On March 31, Romney spokesman Eric Fehrnstrom told Talking Points Memo, “Governor Romney likes the idea of exchanges where people can shop for affordable private policies. That was part of his Massachusetts plan.”

In an April 4th interview with the Emory University student run newspaper The Emory Wheel, following a stop at the university on his book tour Romney praised President Obama for the similarities between ObamaCare and RomneyCare. Romney commented the “best features” of the President’s plan were those similar to RomneyCare, including the “individual responsibility for getting insurance,” commonly referred to as the individual mandate.

Also in early April, after ObamaCare was passed, Romney responded to a question at Vanderbilt noting the similarities between his plan in Massachusetts and President Obama’s by saying, “I like some of the similarities, I dislike most of the differences.”

Romney remarked that both plans “we have an incentive for people to become insured,” also known as the individual mandate

Romney concluded “some similarities, some differences. And I hope we’ll be able to eliminate some of the differences. Repeal the bad and keep the good.”

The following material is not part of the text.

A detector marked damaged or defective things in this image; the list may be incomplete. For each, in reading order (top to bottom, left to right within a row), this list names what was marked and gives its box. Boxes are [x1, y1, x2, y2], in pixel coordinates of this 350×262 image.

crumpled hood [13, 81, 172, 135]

After Romney and his Free and Strong America PAC launched a campaign to repeal “the worst aspects of ObamaCare” conservative blogger, Kavon Nikrad, frustrated by his failure to get an answer from Romney’s staff on the question of what “repeal” actually meant, cornered Romney at a book signing in mid-April.

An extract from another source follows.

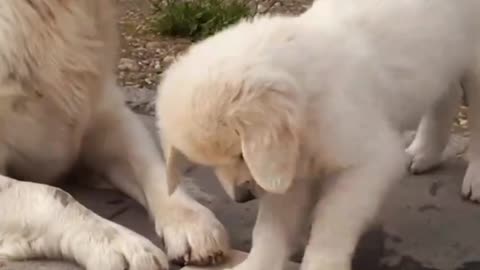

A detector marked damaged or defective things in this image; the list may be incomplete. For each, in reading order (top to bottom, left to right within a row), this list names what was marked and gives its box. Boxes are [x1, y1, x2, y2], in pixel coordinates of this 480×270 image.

cracked concrete surface [0, 115, 480, 268]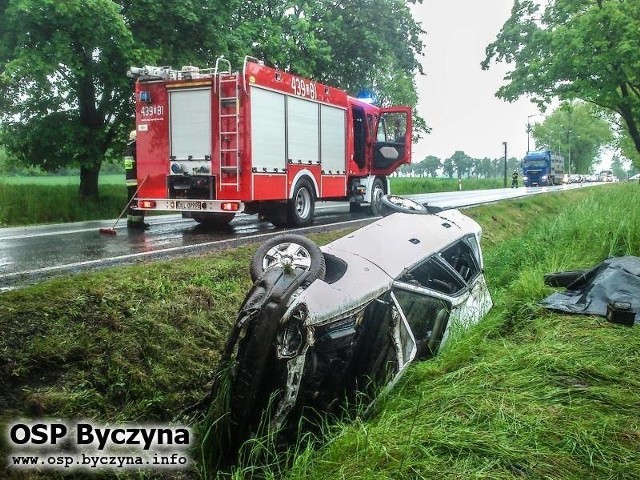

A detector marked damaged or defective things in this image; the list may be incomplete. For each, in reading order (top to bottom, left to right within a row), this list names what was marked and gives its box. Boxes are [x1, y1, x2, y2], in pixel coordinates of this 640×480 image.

overturned silver car [210, 197, 496, 464]
shattered car window [400, 256, 464, 294]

I was one of the first in line to the book signing, and when my turn came I asked Gov. Romney if I could ask him a question. After he told me that this was OK, I posed the following question to him:

“You have stated your intention to spearhead the effort to repeal the ‘worst aspects’ of Obamacare, does this include the repeal of the individual mandate and pre-existing exclusion?”

The Governor’s answer:

“No.”

Gov. Romney went on to explain that he does not wish to repeal these aspects because of the deleterious effect it would have on those with pre-existing conditions in obtaining health insurance.

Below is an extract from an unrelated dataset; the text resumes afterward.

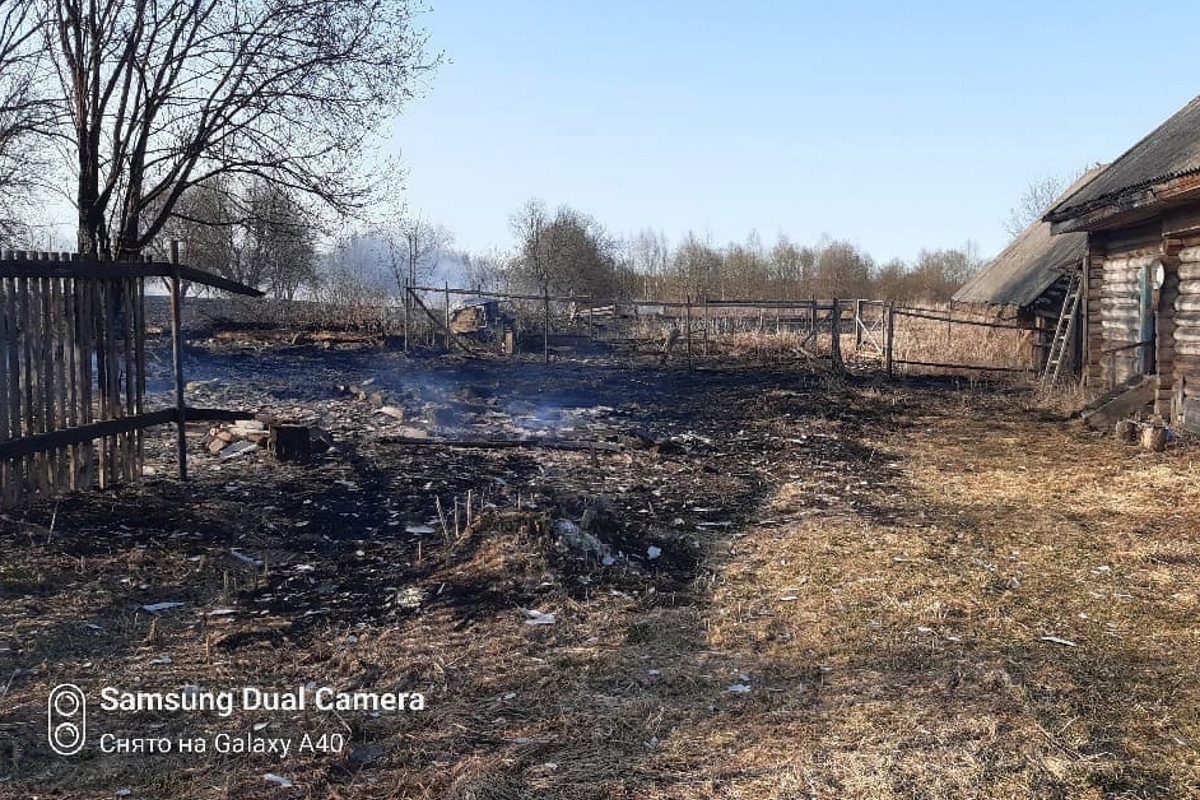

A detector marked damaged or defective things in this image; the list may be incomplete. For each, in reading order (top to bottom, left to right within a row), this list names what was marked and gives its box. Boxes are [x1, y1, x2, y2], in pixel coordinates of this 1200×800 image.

remains of burned house [950, 166, 1108, 379]
remains of burned house [1046, 92, 1200, 431]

Following conservative backlash over the incident Romney spokesman Eric Fehrnstrom emailed Ben Smith, then at POLITICO, “Mitt Romney has been very clear in all his public statements that he is opposed to a national individual mandate. He believes those decisions should be left to the states,” and then later emailed that the mandate “should be repealed.”

That email seemed to represent a final decision to stop the political bleading and cauterize the wound. For the last 23 months, Romney has been consistent: He has embraced repeal of the mandated, and stopped making references to the similarities between his plan and President Obama.